Experts

Researchers Find 'Geologic Clock' That Solves Mystery Of The Moon's Age

By Kamal Nayan | Update Date: Apr 03, 2014 12:09 PM EDT

A team of researchers have determined that the Moon formed around 100 million years after the inception of the solar system. The approximation is based on the measurements from the interior of Earth combined with computer simulations of the protoplanetary disk from which Earth and other planets came into existence. 

Researchers also analyzed the growth history of Earth-like planets from 259 simulations and observed a relationship between the time Earth was impacted by an object as big as Mars to create the Moon and the amount of material added to Earth post impact. 

The relationship worked much like a clock to date the Moon-forming event.
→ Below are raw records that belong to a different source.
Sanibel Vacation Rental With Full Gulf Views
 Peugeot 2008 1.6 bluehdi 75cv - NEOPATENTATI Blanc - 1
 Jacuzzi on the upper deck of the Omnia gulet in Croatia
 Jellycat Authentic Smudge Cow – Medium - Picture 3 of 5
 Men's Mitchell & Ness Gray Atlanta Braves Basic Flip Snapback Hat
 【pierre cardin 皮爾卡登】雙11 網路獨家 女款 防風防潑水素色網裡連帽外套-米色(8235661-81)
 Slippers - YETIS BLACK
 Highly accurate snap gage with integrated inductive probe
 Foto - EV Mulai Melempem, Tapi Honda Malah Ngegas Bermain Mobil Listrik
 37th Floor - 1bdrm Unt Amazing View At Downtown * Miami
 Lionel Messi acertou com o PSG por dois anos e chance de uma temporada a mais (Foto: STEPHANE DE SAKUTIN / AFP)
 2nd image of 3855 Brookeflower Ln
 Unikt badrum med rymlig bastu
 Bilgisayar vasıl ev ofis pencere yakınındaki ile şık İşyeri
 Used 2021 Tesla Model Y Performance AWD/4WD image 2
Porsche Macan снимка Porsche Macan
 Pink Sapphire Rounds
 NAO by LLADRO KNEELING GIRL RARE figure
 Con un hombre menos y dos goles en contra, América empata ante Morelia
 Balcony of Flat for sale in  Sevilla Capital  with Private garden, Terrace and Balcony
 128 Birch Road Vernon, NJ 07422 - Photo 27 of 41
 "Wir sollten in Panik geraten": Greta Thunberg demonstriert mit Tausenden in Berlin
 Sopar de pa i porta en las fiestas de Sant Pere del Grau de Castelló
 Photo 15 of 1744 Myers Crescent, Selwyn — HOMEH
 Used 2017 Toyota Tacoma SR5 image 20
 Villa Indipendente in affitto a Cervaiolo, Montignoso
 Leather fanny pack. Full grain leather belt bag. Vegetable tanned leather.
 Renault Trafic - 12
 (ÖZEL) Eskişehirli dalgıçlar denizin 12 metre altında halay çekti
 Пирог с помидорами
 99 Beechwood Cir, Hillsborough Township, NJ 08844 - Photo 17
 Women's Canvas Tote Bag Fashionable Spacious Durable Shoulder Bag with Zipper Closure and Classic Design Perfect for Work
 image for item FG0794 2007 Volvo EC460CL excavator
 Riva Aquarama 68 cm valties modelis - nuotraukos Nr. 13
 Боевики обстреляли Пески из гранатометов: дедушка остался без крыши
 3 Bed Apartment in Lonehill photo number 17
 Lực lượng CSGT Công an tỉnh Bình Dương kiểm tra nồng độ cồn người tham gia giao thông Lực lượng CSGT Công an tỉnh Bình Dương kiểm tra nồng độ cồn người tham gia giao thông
Researchers added that it was the first "geologic clock" in early solar system history that did not rely on measurement and interpretations of the radioactive decay of atomic nuclei for determining age. 

"We were excited to find a 'clock' for the formation time of the Moon that didn't rely on radiometric dating methods. This correlation just jumped out of the simulations and held in each set of old simulations we looked at," says lead author Seth Jacobson of the Observatory de la Cote d'Azur in Nice, France, in the press release.

After the geochemical measurements, the newly established clock suggested that the Moon formed 95~32 million years after the beginning of the solar system. 

"This result is exciting because in the same simulations that can successfully form Mars in only 2 to 5 million years, we can also form the Moon at 100 million years. These vastly different timescales have been very hard to capture in simulations," said author Dr. Kevin Walsh from the Southwest Research Institute (SwRI) Space Science and Engineering Division in the press release.

The findings of the study has been published in the journal Nature.